Blogger: Eric Maiwald
Recently, I was directed to a blog entry on 10 fallicies of distributed computing. As I read them, I was reminded that we really do not understand the intricacies of things we take for granted. Think of electric power, for example. We plug things into the wall or flip a light switch and we expect the computer to turn on or the light bulb to light up. We never think about where the power comes from or how it gets to the plate in the wall. All we know is that the light comes on. Once a month, we have a connection to the utility that provides the electricity – we get a bill. Of course, with today’s Internet billing many of us don’t get the physical paper bill any longer – all we get is an email.
We forget about how the electricity gets to us until something happens and the power goes out. Power outages, especially big ones, make the news headlines. Most recently, a storm named Ike brought a severe outage to the Texas coast. Some friends of mine in the region were without power for days and given the impact of the storm, I would not be surprised if there are still many without electricity. Big storms (and some not so big) cause power outages all the time. We all hope that the outage is short and usually they are. But when they are long, power outages make the news.
To combat outages, utilities have multiple power generation stations and transmission lines. There are agreements between utilities to share power so that the power grid can remain stable. Customers take precautions as well. Data centers have backup power systems to power their servers and equipment. Individual homes also may have backup generators (if you get your water from a well, you understand why this is important!).

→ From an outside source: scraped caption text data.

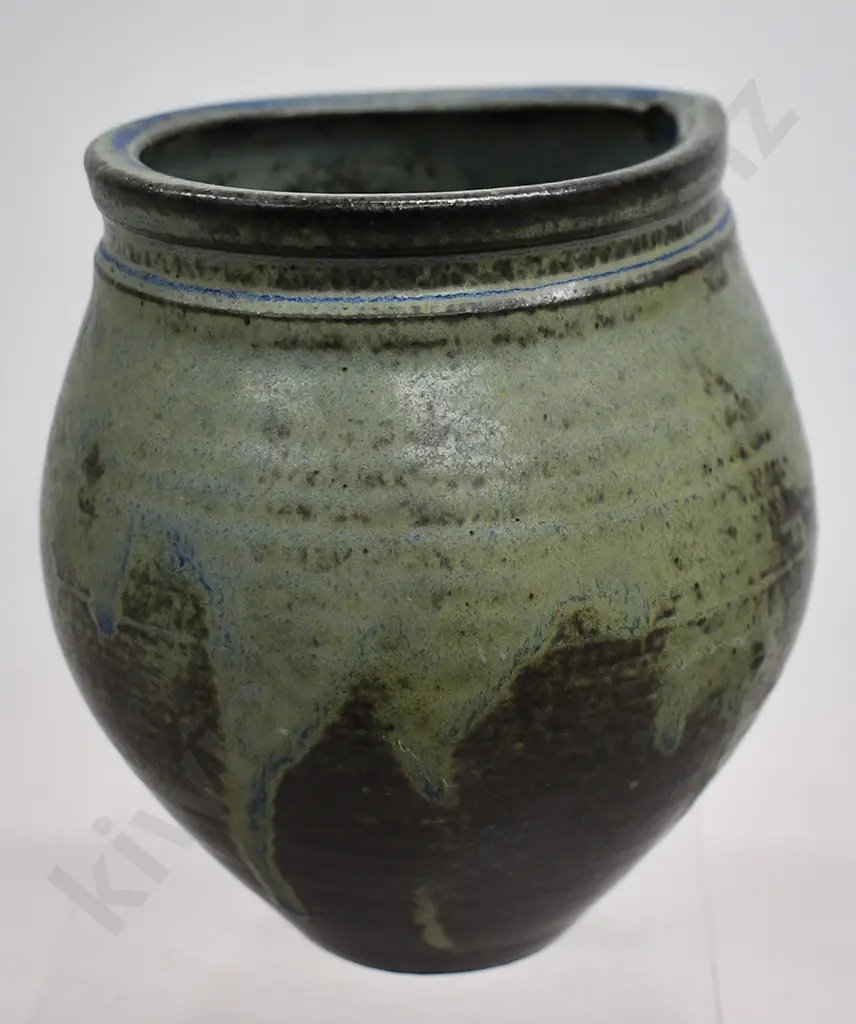 JOHN CRAWFORD POTTERY VASE Image 1++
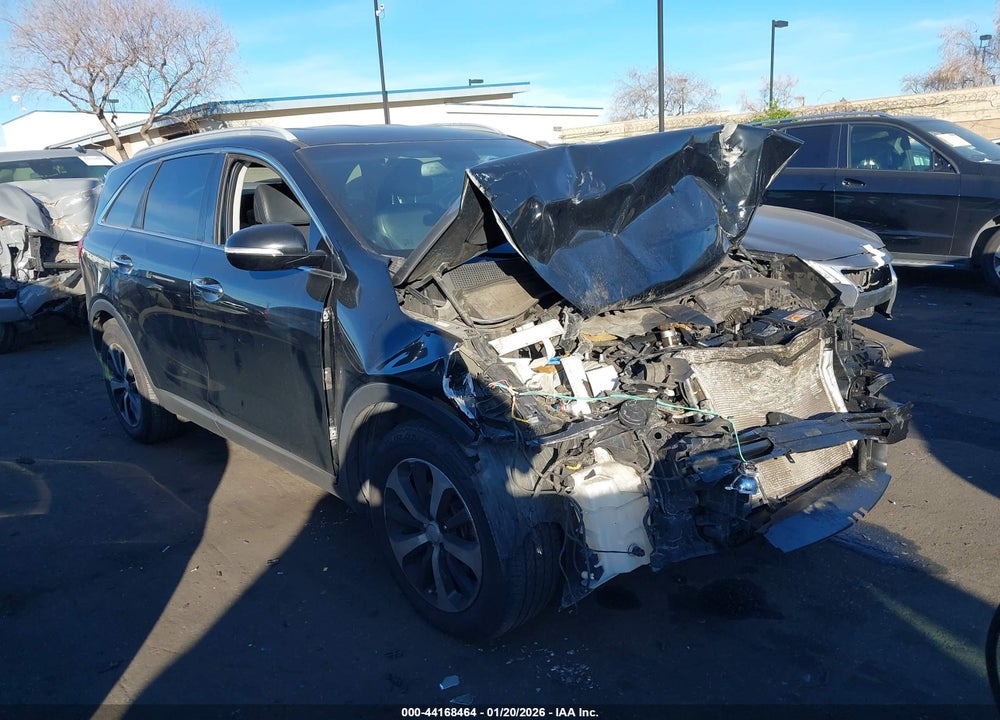 2017 KIA SORENTO 3.3L EX VIN: 5XYPH4A5XHG277169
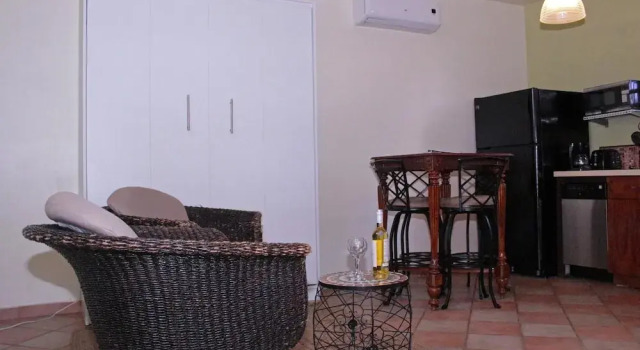 Villa Serena, Забронировать Отель Отели Сан-Хуан 3 звезды, рядом с Barbosa Park, 3*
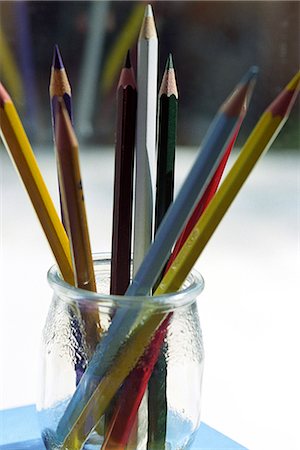 school supplies - Colored pencils in jar, close-up Foto de stock - Sin royalties Premium, Código: 695-05769454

I think that we look at the Internet as another utility. We don’t really know how it works or how the packets get to their destinations but we know that we expect the little green light to come on when we plug the network cable into the wall (or listen to the airwaves for the tell-tale SSID). At a higher level, we want our email to reach the recipients and we want Yahoo! and Google to appear on our screens as soon as we fire up the browser.
Big outages on the Internet make news. Over the course of time, backhoes have made it into the news when they are used to cut cables. More recently, undersea cable breaks have caused connectivity problems to large portions of the world (some parts were down completely while others suffered reduced bandwidth). Of course, it is not always about a physical layer problem. Issues with routing (intentional or not) or DNS can cause problems just as severe.
Running the networks that make up the Internet costs money. The companies that run networks charge fees to their customers to make up the cost and (hopefully) to make a profit as well. Redundancy and failover devices and connectivity cost more money than networks without redundancy so it makes sense that a network company will provide only the amount of redundancy that is needed to meet their obligations to their customers. Of course, customers want to spend as little money as possible to get the network connectivity they need.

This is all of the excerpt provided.